(Caption-style text data)
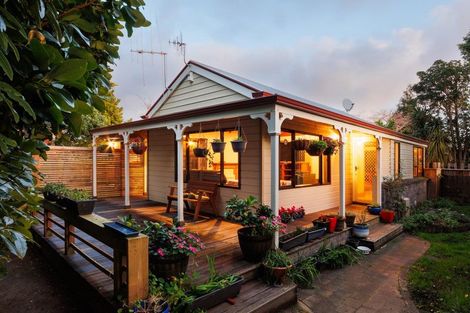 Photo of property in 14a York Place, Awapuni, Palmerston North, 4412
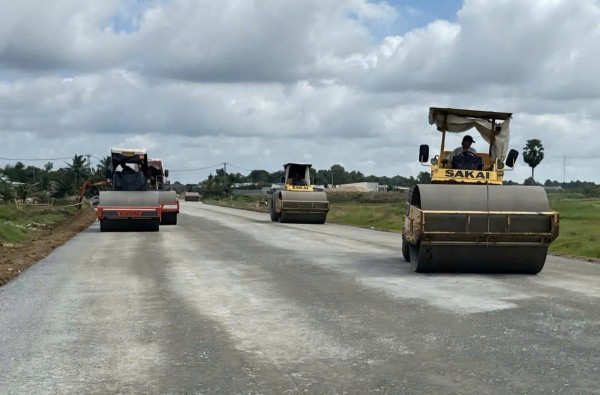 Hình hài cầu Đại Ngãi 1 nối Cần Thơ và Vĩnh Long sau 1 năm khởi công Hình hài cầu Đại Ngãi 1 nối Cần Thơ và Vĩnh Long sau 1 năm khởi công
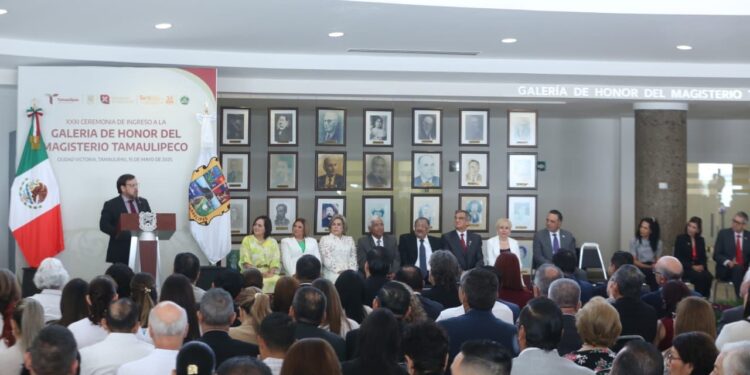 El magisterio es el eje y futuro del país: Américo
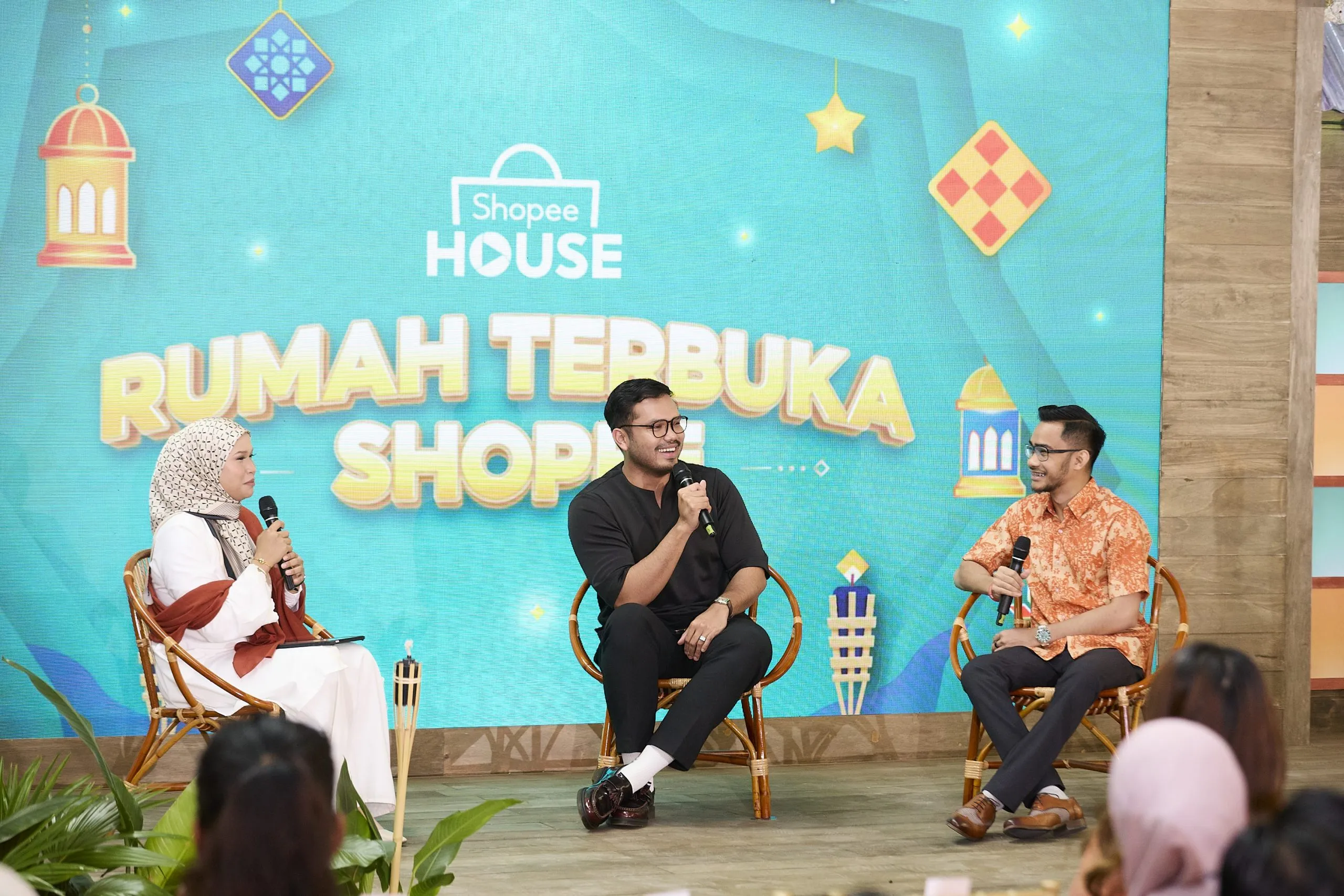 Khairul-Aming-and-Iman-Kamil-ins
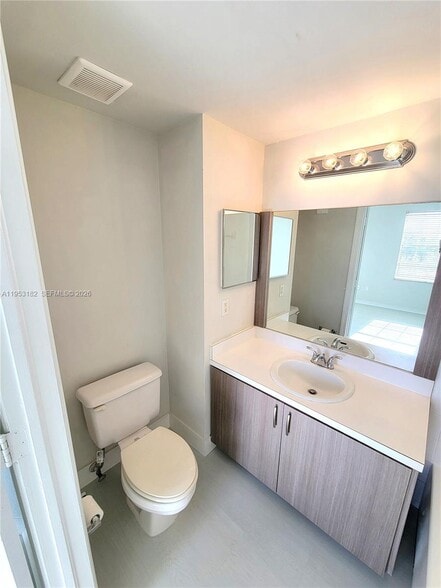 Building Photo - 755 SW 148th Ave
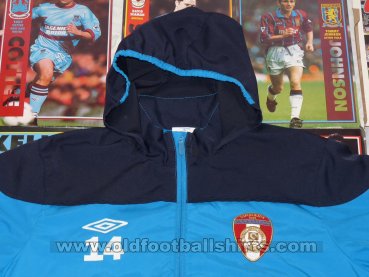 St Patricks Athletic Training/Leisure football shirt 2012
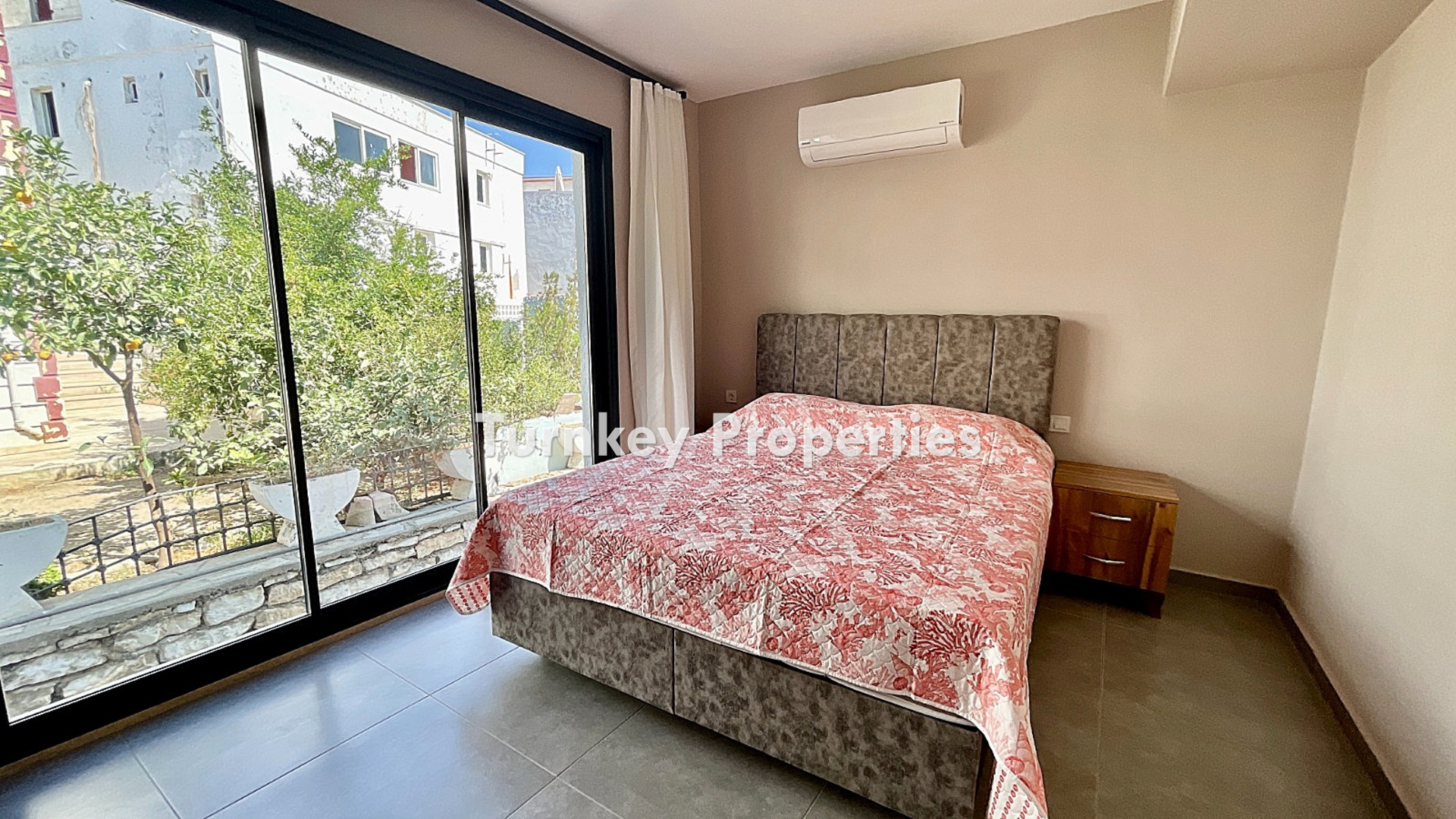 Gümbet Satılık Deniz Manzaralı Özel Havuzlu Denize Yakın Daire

### Exercise goal
In the data above, the line containing "Building Photo - 755 SW 148th Ave" and all lines after it are to be reproduced exactly, leaving out the pictures.

### Final answer
 Building Photo - 755 SW 148th Ave
 St Patricks Athletic Training/Leisure football shirt 2012
 Gümbet Satılık Deniz Manzaralı Özel Havuzlu Denize Yakın Daire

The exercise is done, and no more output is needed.